We're training on the one hand with a dataset of cropped images pasted onto a background
And on the other hand with a dataset of the exact same set of images extracted with SAM and pasted onto the same backgrounds.
Here are our results
Training Set | mAP |
Without SAM | 0.969 |
With SAM | 0.966 |
We can see that the difference between using and not using SAM is quite low, negligible even. Why is that?
Here is an image generated by our tool, using the potential of SAM for perfect cutouts.
Here is an image generated with a rectangular crop. As you can see, they look quite similar. There are two main reasons for that.
How rectangular is the object
How dissimilar is the leftover part of the background
For a beer bottle, only the bottle neck prevents it from being a rectangle, and the leftover background is gray, quite similar to the actual background of the testing set
In this particular case, for an object as rectangular as a beer bottle and with the testing background being so close to the original background, using SAM is not necessary. Let us however explore an object for which using SAM is a game changer.
When Segment Anything is the most useful
Follow along in this Colab Notebook
We're looking for an object that is as far away from a rectangle as possible. Looking around your house, you probably have at least one such object : a pair of scissors.
In this cropped image, the scissors occupy less than half of the image compared to the background. For the sake of the experiment, the white background here is quite different from the yellow background used in the testing set.

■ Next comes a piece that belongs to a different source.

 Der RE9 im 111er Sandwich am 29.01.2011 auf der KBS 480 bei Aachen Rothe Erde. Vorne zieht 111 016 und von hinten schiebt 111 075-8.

We generated two training sets with our tool. Here is what the one with SAM looks like :
Which does look quite close to the testing set.
Here is the one with only rectangular crops and not using SAM:
We see that without SAM, a large part of the white background from the original image is left and is quite distracting, much more than in our first experiment with the beer bottles. But what are the actual results?
Training YOLOV5 on those two datasets and testing on the same testing set, we obtain the following.
Training Set | mAP |
Without SAM | 0.825 |
With SAM | 0.921 |
In this case, the use of Segment Anything gives us a massive performance increase!